As I say, once the picture has established the parameters of its threat and we’re faced with the usual configuration of evacuate/prevent Calvin reaching civilisation/self-sacrifice, I was quite prepared for Life to have done all it was going to, interest-wise, and that we were set for a standard ending in which Jake heroically sacrifices himself while Rebecca escapes to Earth. I foresaw few potential variations (such as: Fergusson having to dispose of the creature herself when it gets wise to Gyllenhaal’s plan, or when his pod veers off course, she has to course correct with her own, so they both expire). As a consequence, I was genuinely impressed by the apocalyptically bleak ending, one that retrospectively ups the game of the entire picture.
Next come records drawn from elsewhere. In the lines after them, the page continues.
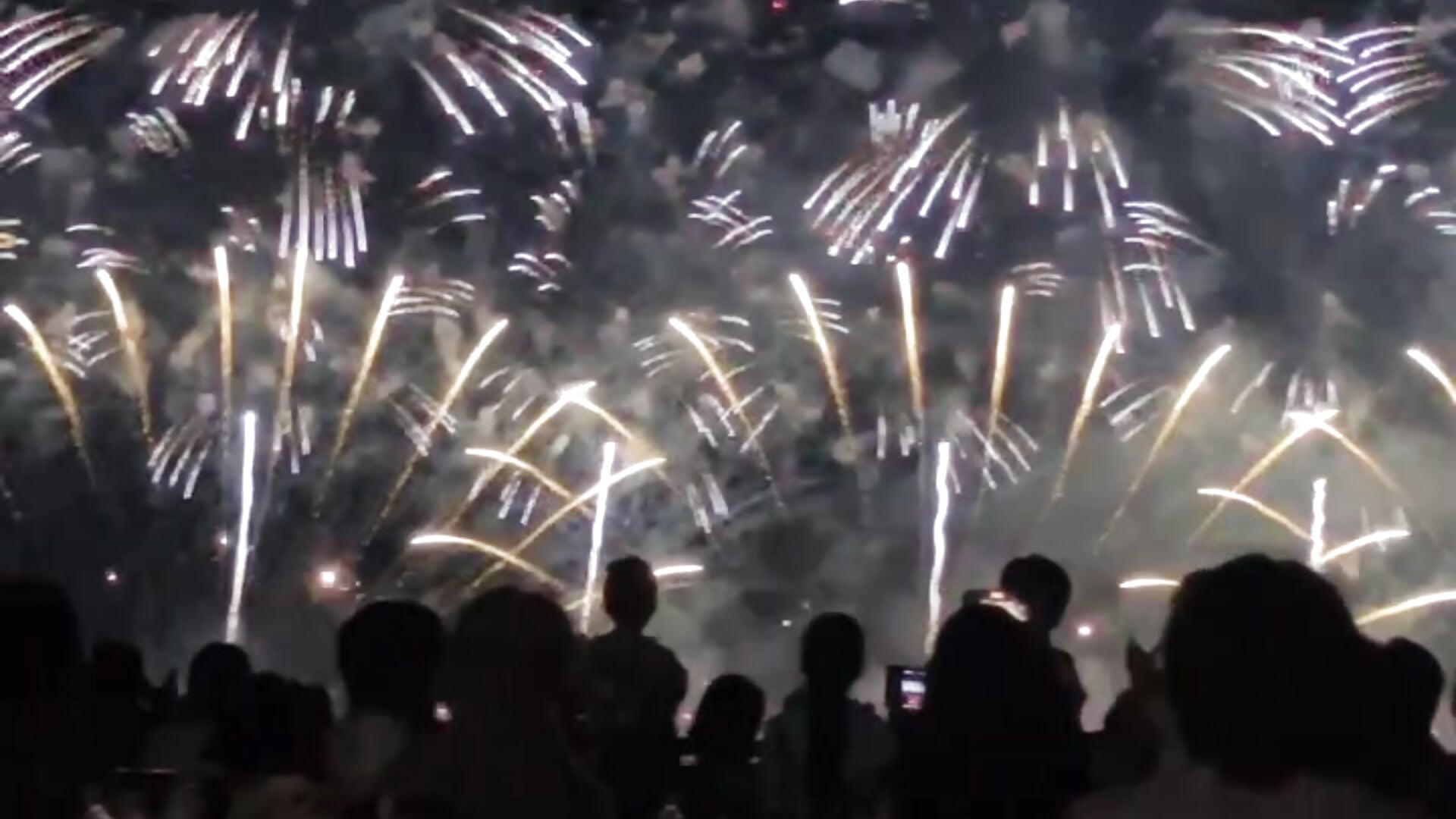 日本一の花火🎇（ノンアダルト🤣） - відео від вебкаммоделі Arista_09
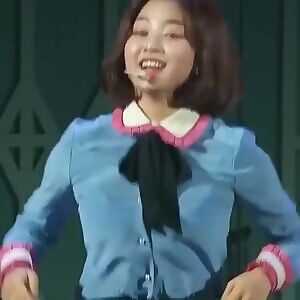 Twice-Jihyo butt checks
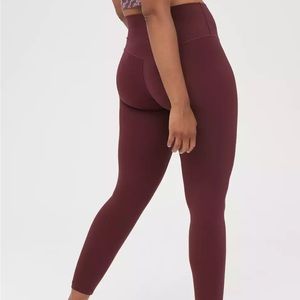 OFFLINE By Aerie Real Me High Waisted Legging maroon size x small xs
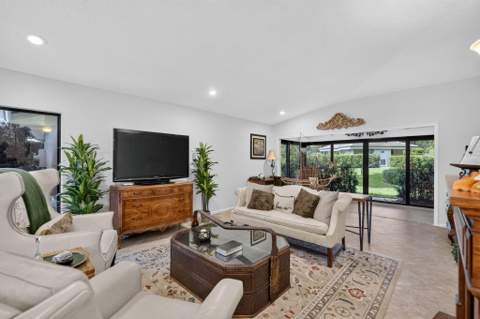 3648 Freshwater Drive, Jupiter FL - photo 13 of 88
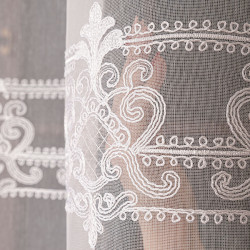 Firanka haftowana na markizecie ze wzorem pasowym 034282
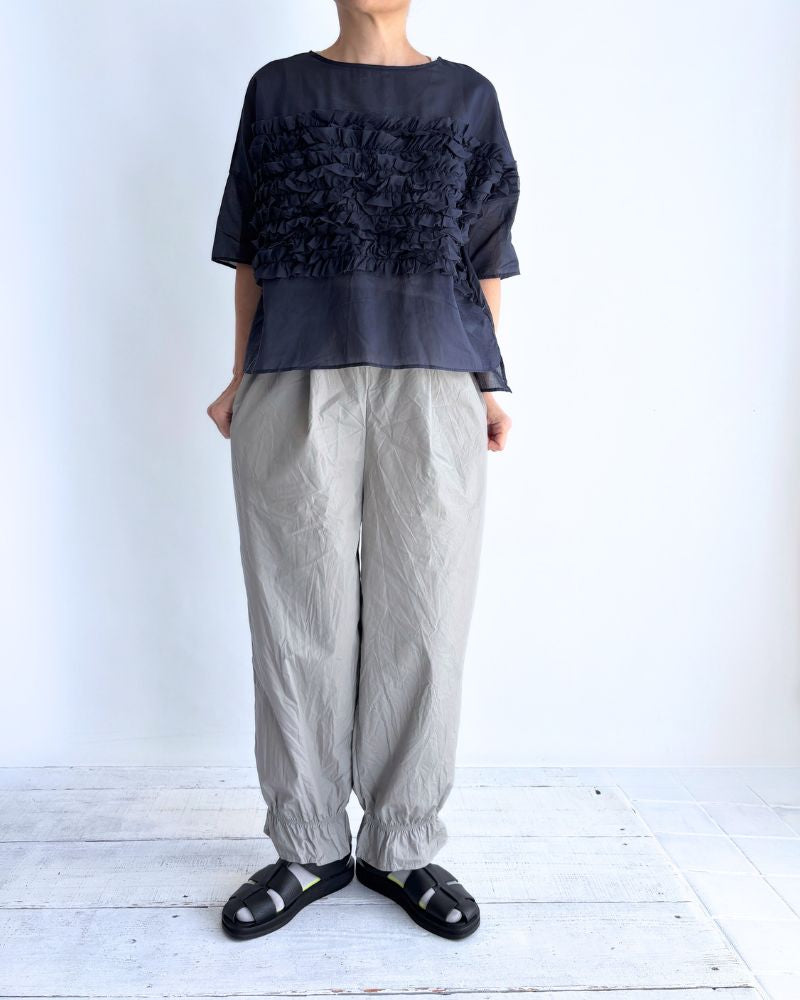 Hem Frill Pants in Gray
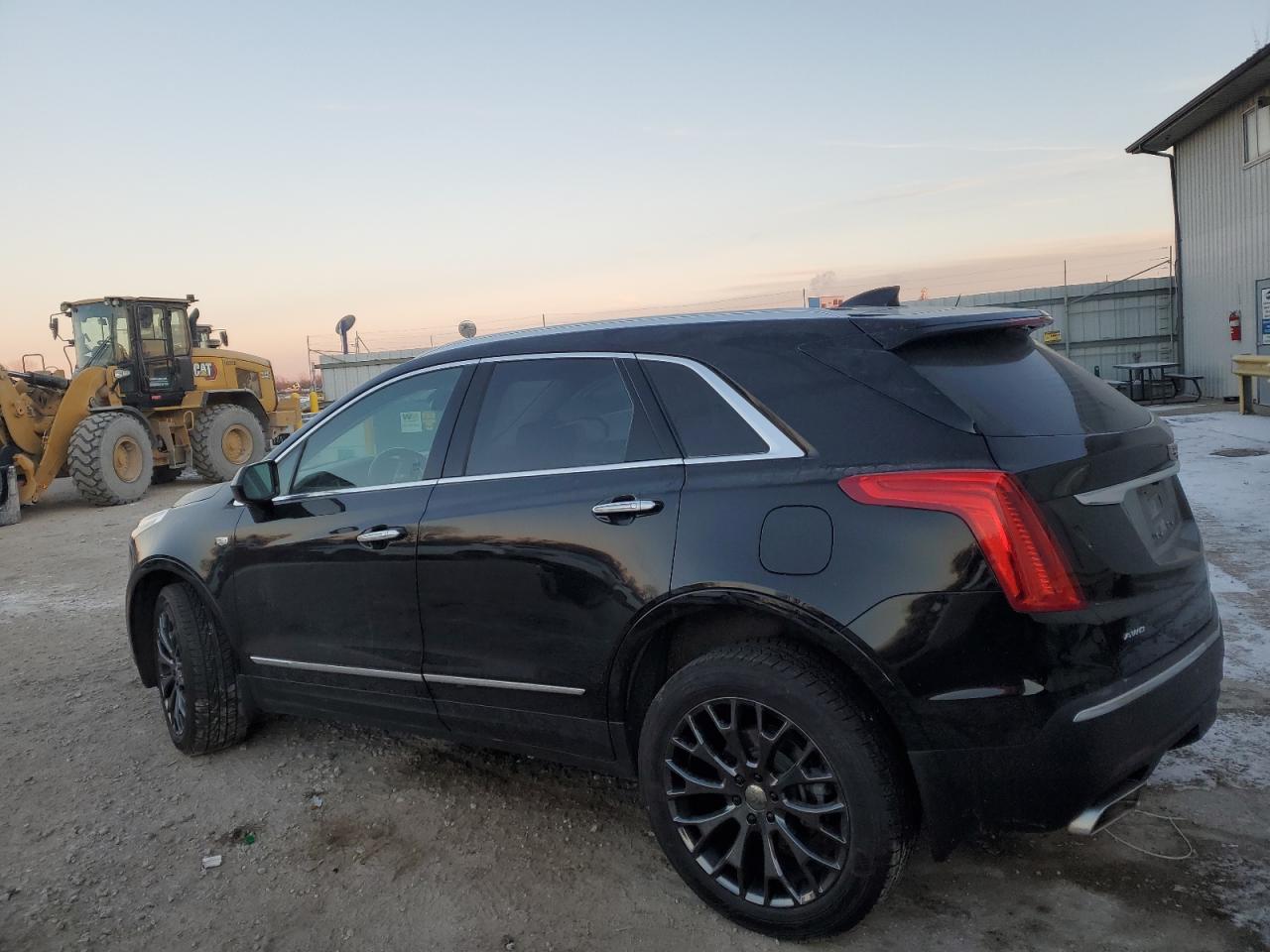 2018 Cadillac XT5 - Image 2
It’s isn’t as if you don’t get these sorts of dread climaxes (they’re commonplace in zombie movies), but in this context, it’s the sort of resolution you’d be more likely to discover as a rejected alternate on the DVD release. It’s especially notable for how much investment has clearly been put into it, not only for the dexterity of the fake out (we think Jake’s heading into space, and Rebecca to Earth, when its vice versa), but also for leaving both its doomed protagonists alive in the final shots. And that’s without Jon Ekstrand’s overwhelming ‘You’re all doomed!” score.
Espinosa’s direction is considerably more focussed and fluid than we’ve seen from his Hollywood excursions thus far, going some way towards making up for the mess that was Child 44 (although, with that cast and story potential, it does represent a significant demerit). He only occasionally appears to lose his bearings (the scene of the Soyuz docking seems to have some material missing, as Calvin attacking its crew appears only in long shots).
So yeah, Life isn’t going to win any awards for creativity or inspiration, or any awards for anything much. But as endings go, it’s armed with a doozy that should ensure a healthy post-theatrical life (it appears to have been rather ignored in cinemas). Maybe it’s just as well it won’t make enough money for an ill-advised sequel… Although, as ill-advised sequels go, that’s one movie I’d kind of like to see.